Last month Hurricane Sandy left entire communities devastated, destroyed homes and shorelines, sparked fires in some homes and left many more in the cold for weeks into November.  A great many – some of whom were on the edge to begin with – are still suffering.

There are far too many reasons to grieve.

Yet it is often at times like these that neighbors discover one another and people help each other with the basic needs of life.  The divisions of ideology, which seemed so important only days before, mean little when placed against the basic needs of survival.  People help one another.  Sometimes we do it through religious communities, sometimes through charities and sometimes through government assistance – but very often it’s far simpler than that.  People see other people struggling, and offer what help they can.  Communities come together.

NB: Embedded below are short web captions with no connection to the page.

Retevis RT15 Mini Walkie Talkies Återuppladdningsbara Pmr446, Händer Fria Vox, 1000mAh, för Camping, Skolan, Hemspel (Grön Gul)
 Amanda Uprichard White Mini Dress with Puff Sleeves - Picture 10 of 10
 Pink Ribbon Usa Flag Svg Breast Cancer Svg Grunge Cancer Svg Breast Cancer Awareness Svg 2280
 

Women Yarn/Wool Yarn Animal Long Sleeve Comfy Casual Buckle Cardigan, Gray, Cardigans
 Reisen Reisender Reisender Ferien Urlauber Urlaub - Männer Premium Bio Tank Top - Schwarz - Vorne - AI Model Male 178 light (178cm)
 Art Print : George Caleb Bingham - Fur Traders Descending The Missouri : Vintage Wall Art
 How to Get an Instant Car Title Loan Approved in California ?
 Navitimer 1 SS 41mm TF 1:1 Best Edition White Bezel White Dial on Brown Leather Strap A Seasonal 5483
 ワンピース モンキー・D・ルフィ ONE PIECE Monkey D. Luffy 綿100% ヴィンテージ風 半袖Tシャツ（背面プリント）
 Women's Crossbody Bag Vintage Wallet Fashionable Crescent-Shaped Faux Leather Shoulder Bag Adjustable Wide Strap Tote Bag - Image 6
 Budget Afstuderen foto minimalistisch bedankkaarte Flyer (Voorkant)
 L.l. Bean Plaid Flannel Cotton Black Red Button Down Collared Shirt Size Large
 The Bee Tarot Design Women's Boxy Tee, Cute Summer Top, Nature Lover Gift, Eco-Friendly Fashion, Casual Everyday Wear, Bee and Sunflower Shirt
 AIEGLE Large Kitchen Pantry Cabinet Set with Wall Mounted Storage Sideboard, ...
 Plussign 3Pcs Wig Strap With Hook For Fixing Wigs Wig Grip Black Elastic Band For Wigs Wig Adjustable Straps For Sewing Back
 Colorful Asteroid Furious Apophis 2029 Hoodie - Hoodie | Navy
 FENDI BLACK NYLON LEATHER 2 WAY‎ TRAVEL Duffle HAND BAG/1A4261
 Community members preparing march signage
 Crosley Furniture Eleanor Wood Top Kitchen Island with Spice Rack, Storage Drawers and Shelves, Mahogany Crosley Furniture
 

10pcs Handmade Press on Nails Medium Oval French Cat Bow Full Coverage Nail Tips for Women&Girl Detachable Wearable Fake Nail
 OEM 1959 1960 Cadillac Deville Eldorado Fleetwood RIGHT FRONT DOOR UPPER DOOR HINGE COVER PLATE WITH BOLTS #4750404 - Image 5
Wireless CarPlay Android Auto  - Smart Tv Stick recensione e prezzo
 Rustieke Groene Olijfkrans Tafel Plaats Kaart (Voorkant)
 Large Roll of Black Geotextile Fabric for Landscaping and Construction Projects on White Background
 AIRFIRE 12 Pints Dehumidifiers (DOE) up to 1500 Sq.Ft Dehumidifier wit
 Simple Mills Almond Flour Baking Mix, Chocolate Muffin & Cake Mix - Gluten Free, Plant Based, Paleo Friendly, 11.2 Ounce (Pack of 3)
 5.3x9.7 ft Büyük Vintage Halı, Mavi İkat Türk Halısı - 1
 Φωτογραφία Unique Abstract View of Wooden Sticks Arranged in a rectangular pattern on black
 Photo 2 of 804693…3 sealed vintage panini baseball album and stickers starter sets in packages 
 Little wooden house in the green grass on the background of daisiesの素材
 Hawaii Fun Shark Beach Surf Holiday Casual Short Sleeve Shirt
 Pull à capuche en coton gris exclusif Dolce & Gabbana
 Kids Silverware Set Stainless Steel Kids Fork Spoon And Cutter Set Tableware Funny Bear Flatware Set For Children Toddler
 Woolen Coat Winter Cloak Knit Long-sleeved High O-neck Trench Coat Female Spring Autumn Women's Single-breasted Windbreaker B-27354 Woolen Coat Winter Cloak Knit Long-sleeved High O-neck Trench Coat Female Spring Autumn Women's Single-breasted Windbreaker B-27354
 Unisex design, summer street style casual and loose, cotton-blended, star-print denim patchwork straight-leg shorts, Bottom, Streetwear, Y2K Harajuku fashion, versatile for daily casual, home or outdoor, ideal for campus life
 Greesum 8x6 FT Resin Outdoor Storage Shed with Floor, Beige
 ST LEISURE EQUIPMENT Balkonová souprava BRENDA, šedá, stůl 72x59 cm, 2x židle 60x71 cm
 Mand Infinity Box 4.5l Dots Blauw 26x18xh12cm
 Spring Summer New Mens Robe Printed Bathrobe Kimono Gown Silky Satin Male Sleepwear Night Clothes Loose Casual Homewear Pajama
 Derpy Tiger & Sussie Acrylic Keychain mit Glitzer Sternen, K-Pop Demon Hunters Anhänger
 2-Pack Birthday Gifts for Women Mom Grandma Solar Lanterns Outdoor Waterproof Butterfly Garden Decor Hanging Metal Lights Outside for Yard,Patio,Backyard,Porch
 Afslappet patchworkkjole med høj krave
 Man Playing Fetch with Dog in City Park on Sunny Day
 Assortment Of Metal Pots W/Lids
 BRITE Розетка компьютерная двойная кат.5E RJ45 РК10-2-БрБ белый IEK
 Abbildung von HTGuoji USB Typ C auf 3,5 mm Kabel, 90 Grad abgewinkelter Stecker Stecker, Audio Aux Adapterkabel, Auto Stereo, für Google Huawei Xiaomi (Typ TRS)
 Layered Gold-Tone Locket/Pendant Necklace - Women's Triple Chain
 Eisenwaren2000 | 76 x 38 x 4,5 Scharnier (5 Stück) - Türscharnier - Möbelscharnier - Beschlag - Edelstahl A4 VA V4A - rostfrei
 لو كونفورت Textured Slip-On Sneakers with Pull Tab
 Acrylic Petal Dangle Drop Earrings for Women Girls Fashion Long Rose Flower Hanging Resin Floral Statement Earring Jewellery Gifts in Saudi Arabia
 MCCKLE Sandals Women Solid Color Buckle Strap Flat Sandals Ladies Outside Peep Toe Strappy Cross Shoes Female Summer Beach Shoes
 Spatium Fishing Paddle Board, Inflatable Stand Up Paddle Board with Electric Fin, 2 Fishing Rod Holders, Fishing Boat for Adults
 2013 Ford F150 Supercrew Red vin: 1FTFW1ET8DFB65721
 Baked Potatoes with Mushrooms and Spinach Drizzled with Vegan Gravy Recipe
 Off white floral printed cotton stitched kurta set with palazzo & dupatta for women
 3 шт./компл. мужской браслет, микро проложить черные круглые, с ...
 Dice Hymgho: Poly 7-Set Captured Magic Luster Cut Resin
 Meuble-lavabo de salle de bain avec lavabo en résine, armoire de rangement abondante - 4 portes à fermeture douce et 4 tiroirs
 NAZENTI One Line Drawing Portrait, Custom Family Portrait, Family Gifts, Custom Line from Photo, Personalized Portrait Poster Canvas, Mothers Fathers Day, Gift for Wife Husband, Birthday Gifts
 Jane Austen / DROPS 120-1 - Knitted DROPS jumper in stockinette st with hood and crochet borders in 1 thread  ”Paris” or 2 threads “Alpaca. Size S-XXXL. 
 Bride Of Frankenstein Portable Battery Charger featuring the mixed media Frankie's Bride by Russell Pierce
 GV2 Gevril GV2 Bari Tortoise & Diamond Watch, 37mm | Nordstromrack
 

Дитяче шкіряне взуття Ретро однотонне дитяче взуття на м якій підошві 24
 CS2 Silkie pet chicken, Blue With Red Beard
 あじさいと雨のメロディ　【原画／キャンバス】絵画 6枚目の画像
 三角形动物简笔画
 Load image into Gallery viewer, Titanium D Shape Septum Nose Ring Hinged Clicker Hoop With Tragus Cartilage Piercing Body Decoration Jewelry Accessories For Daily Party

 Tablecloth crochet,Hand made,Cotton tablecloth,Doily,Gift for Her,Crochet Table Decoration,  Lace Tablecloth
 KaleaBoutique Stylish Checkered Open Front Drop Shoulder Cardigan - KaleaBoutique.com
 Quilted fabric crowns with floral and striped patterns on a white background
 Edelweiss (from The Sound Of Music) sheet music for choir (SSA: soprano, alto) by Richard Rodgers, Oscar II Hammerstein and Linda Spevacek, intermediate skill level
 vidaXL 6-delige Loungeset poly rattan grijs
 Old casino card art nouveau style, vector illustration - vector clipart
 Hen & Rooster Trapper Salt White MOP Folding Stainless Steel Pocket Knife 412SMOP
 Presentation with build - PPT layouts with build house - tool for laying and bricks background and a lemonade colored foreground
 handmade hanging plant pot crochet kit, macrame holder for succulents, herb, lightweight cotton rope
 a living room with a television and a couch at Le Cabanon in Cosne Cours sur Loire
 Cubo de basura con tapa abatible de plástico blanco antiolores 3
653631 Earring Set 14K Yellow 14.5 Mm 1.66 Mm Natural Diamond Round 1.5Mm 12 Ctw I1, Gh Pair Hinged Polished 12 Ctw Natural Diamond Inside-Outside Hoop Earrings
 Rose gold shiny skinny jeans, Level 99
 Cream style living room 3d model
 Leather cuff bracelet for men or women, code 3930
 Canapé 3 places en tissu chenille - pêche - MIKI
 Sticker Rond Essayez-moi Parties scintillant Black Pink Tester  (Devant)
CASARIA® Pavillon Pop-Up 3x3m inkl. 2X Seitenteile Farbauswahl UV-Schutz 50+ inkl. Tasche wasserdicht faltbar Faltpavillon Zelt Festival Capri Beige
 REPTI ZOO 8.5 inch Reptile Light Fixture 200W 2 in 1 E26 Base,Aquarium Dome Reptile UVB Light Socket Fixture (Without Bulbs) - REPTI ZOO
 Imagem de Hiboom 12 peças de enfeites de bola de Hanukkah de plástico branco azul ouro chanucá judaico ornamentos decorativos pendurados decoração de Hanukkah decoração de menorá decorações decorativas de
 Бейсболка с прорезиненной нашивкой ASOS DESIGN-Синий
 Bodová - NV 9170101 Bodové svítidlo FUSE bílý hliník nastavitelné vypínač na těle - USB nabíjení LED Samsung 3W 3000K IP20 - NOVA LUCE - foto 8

Thanksgiving always brings these kinds of thoughts to my mind, because essentially it is  a day about community – families sharing a meal together, volunteers at food banks and soup kitchens making sure that the poorest among us can enjoy a good meal, friends invited to each others’ Thanksgiving tables.  There are no gifts and few decorations – just a quiet meal shared with others.

That’s what I’m thankful for this Thanksgiving Day – people who help one another when there is need, and who reach out to neighbors in community.  What a better world it would be if we all remembered to be thankful, first and foremost, for each other.

Big Bill Broonzy said that Joe Turner Blues was the oldest blues song he knew, but the story remains as current today as it ever was.  It tells of a man whose giving saved many a poor family after the floods came – and of a community who turned toward each other in thanksgiving.